|
|
|
|
|
by blakeburch
1588 days ago
|
|
I think you're 100% right that the tasks that can be accomplished in Airflow are currently being unbundled by tools in the modern data stack, but that doesn't erase the need for tools like Airflow. Sure, you can now write less code to load your data, transform it, and send it out to other tools. As the unbundling occurs, the end result is more fragmentation and fragility in how teams manage their data. Data teams I talk to can't turn to any single location to see every touchpoint their data goes through. They're relying on each tool's independent scheduling system and hoping that everything runs at the right time without errors. If something breaks, bad data gets deployed and it becomes a mad scramble to verify which tool caused the error and which reports/dashboards/ML models/etc. were impacted downstream. While these unbundled tools can get you 90% of the way to your desired end goal, you'll inevitably face a situation where your use case or SaaS tool is unsupported. In every situation like this I've ever faced, the team ultimately ends up writing and managing their own custom scripts to account for this situation. Now you have your unbundled tool + your custom script. Why not just manage all of the tools and your scripts from a singular source in the first place?

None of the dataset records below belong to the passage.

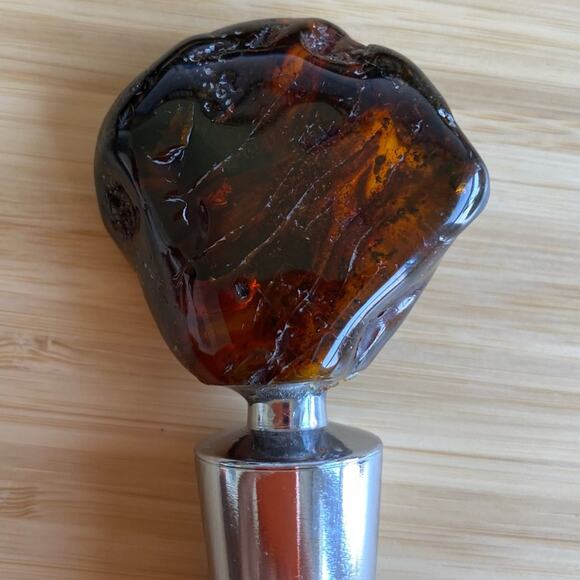 Genuine Baltic Amber Bottle Stopper - Picture 2 of 5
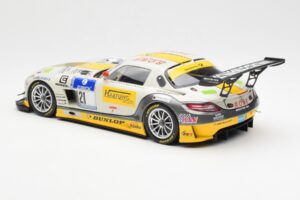 Mercedes SLS AMG GT3 #21 Rowe Racing Arnold / Roloff / Seyffarth / Jäger ADAC 24 Hours Nürburgring 2013 Minichamps 1:18 15113 — снимка 5 от 6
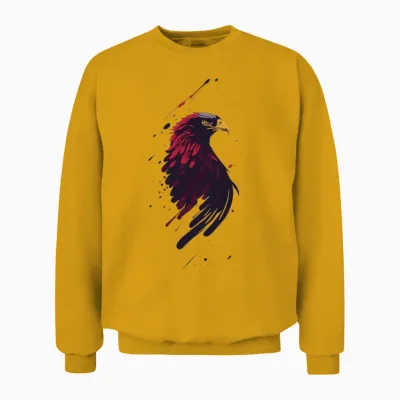 Fanny,beautiful Red Eagle Design .cool Eagl Design Unisex Sweatshirt - Gold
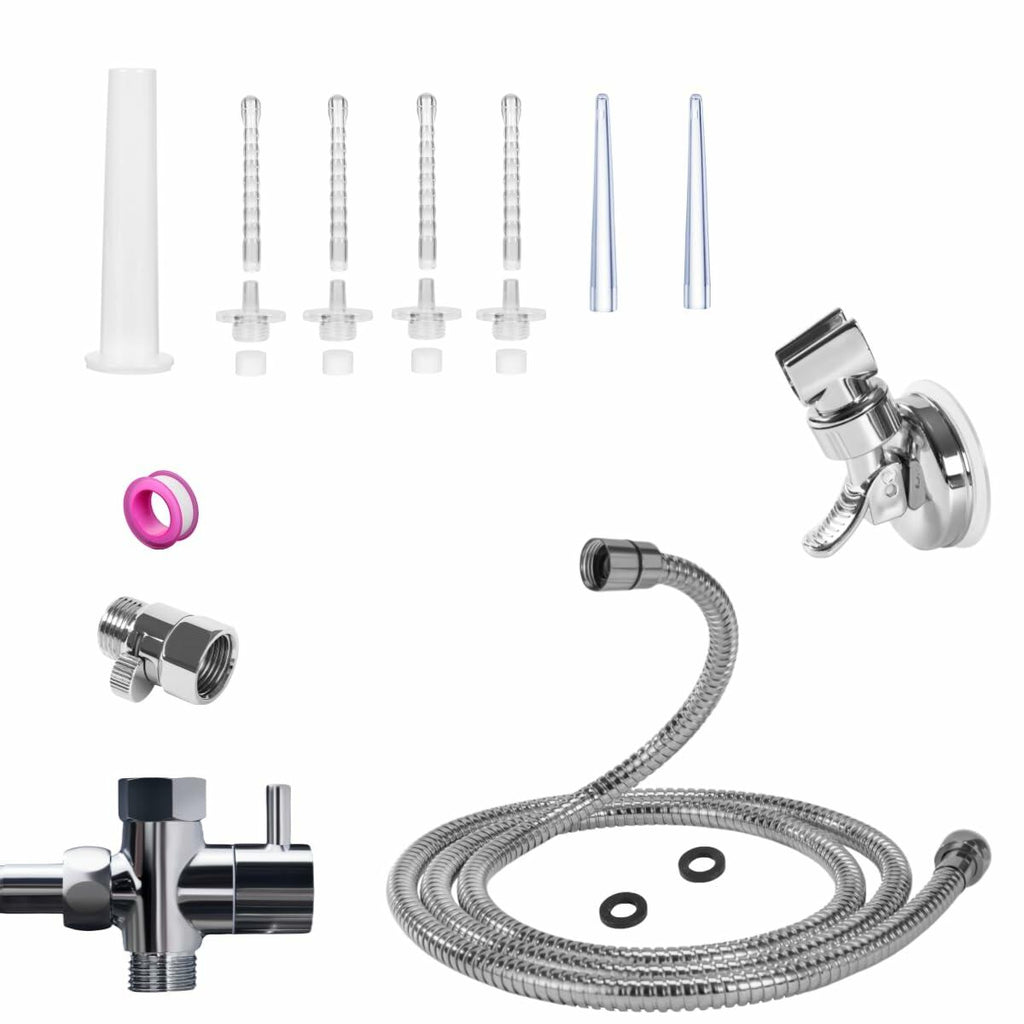 Shower Enema Kit Vaginal Anal Cleaning System 6 Nozzles Metal Hose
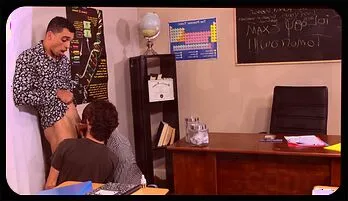 Intense Interracial Threesome with Aaron Trainer, Amone Bane & Sam Ledger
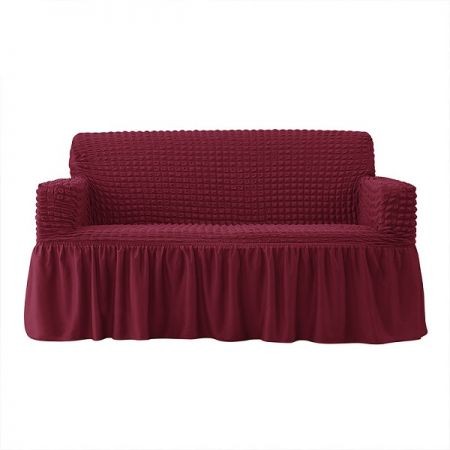 Maroon 2 Seat's Sofa Cover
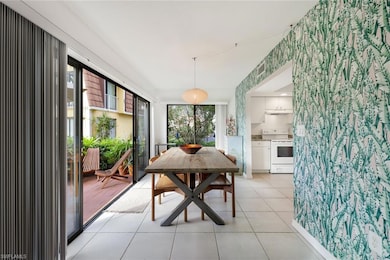 Access the patio from the dining area.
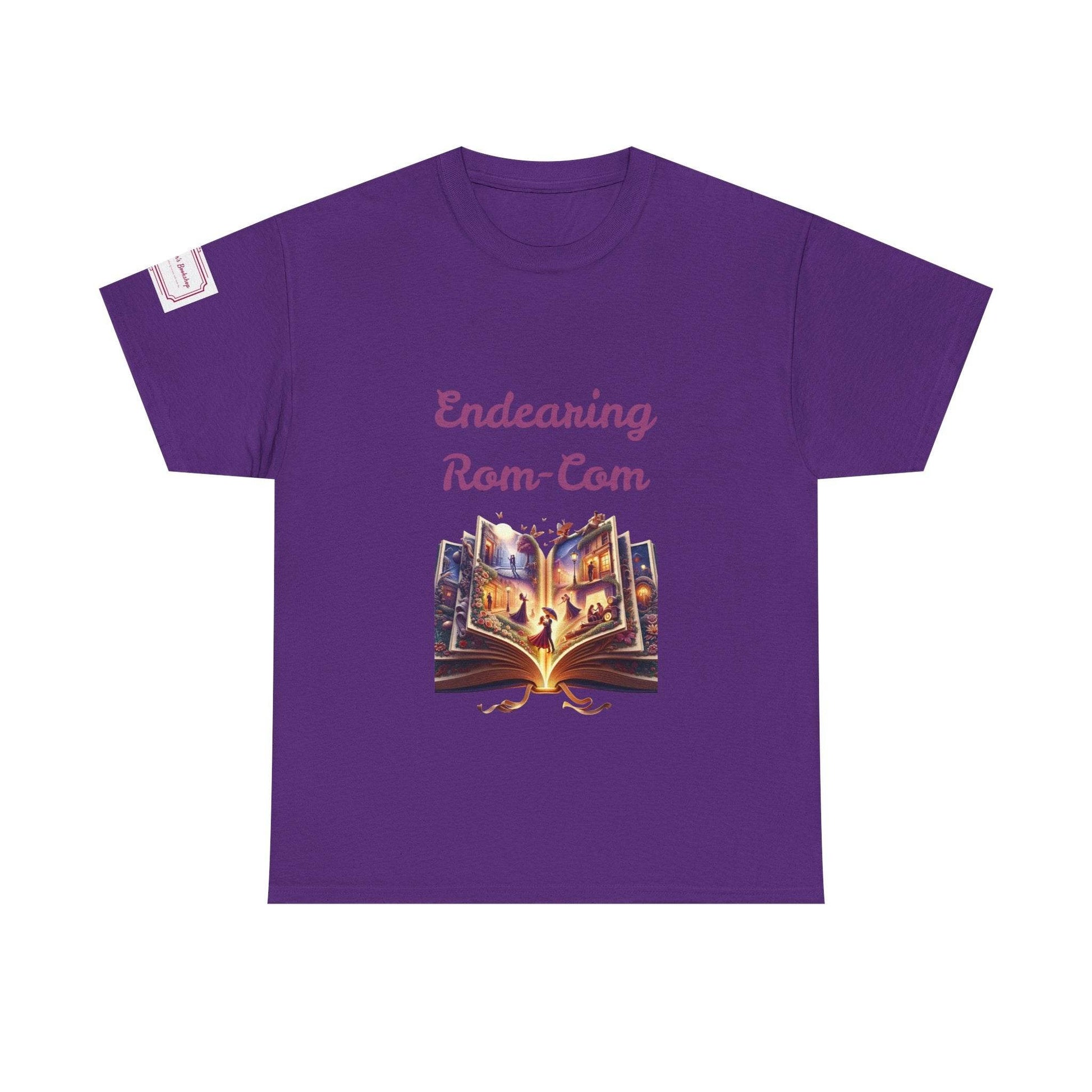 Endearing - Graphic Unisex Heavy Cotton Tee - Rom-Com Books - The Dreamer's Bookshop.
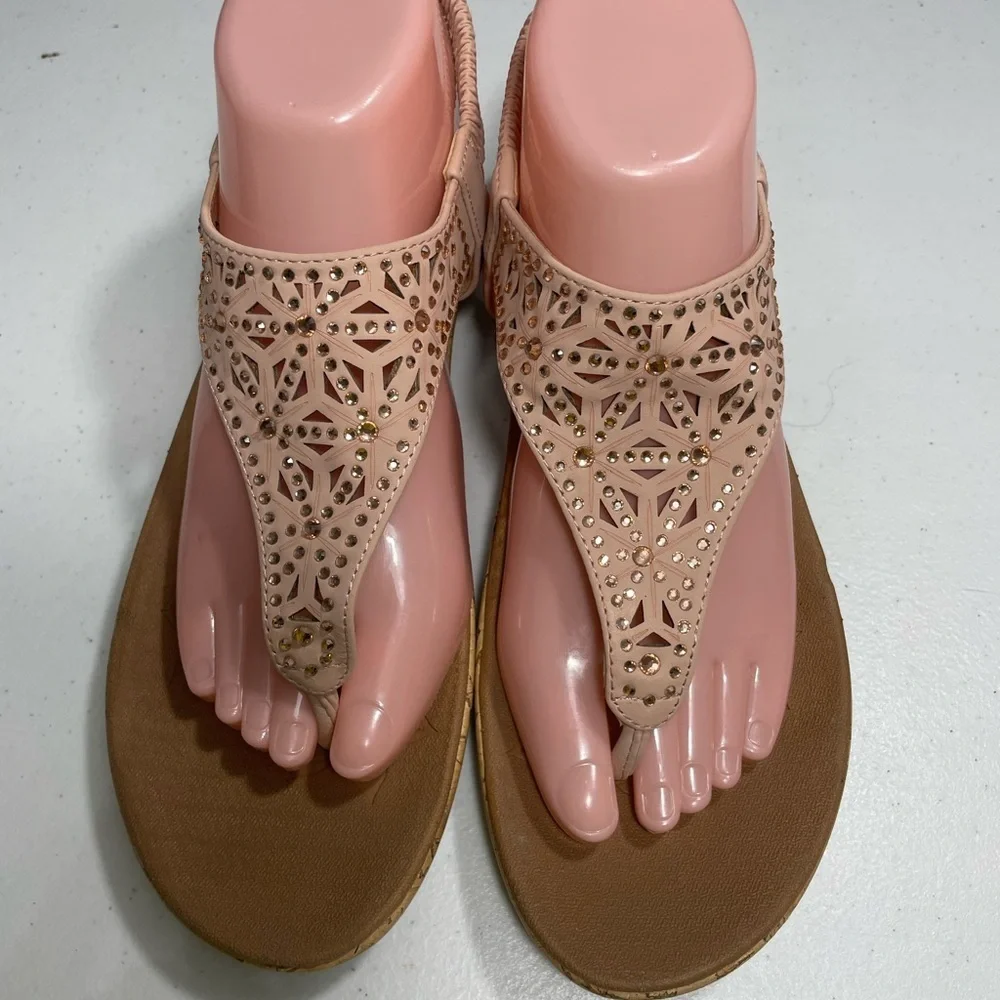 Womens Skechers Luxe Foam Elegant Pink Sandals Size 9 SB-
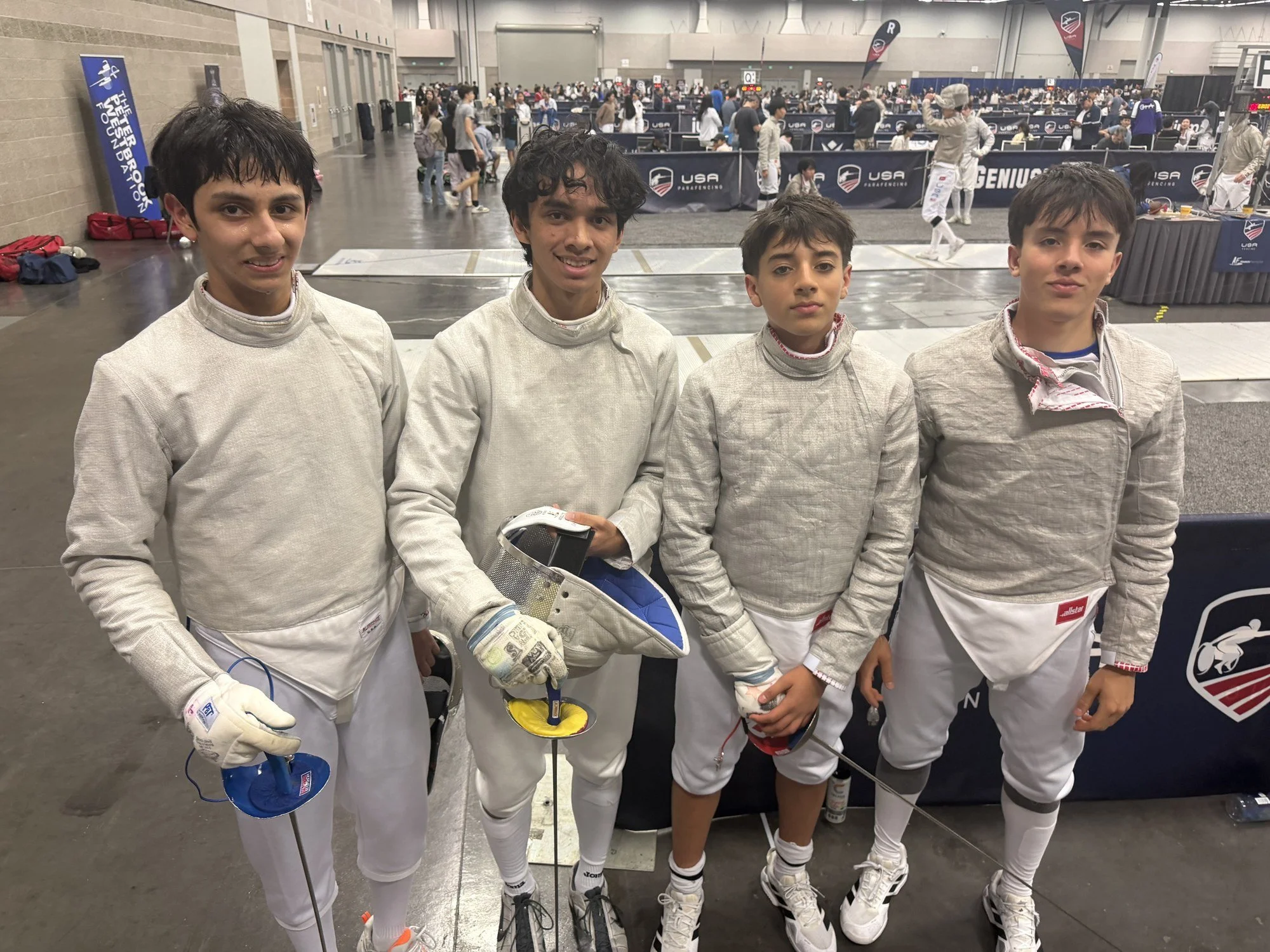 TMFC at Summer Nationals: Isaac Yook Charges to 9th as Cadet Saber Squad Delivers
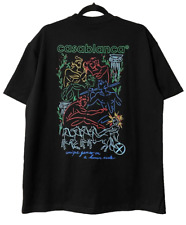 CAMISETA CASABLANCA TENNIS CLUB HOMBRE ESTAMPADO GRÁFICO NEGRA HECHA EN ITALIA TALLA L segunda mano  Embacar hacia Mexico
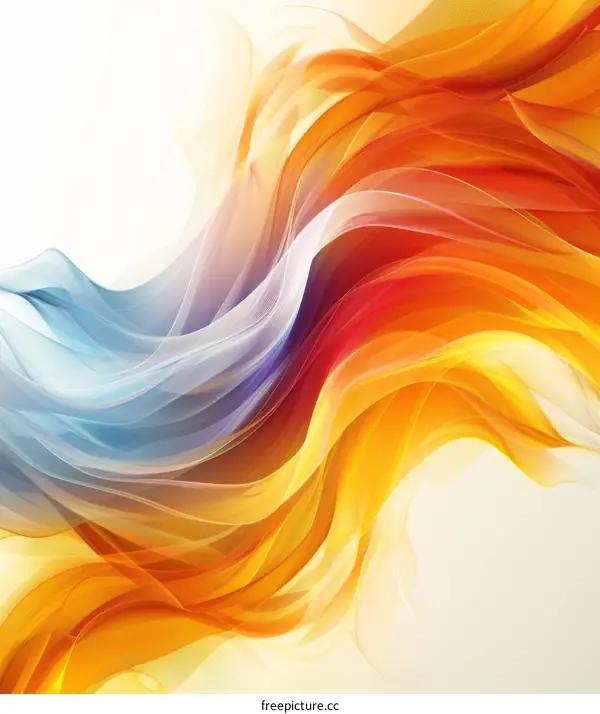 Colorful abstract background with flowing shapes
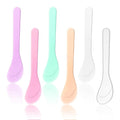 6 PCS Plastic Cosmetic Spatula, Candy Color Makeup Scoops Spatulas Stick Applicator Reusable Cosmetic Mask Mixing Spoon Spa Makeup Tools for Lotions Moisturizers DIY Cream Mixing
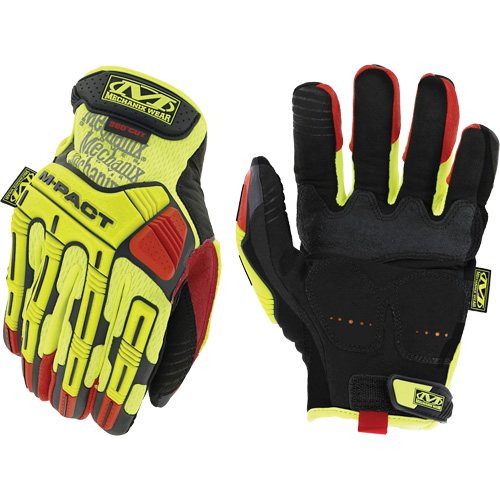 Hi-Viz M-Pact&reg; D4-360 Impact Gloves, 8, Synthetic Palm, Hook & Loop Cuff Groupe Belzile Dickner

While unbundling is the reality, this new era of data technology will always still have a need for data orchestration tools that serve as a centralized view into your data workflows, whether that's Airflow or any of the new players in the space. (Disclosure: I'm a co-founder of https://www.shipyardapp.com/, building better data orchestration for modern data teams) |
|
No amount of tooling will make data transformation a painless process; all you end up doing is burying the business logic under so many layers of abstraction that it becomes impossible for anyone to understand.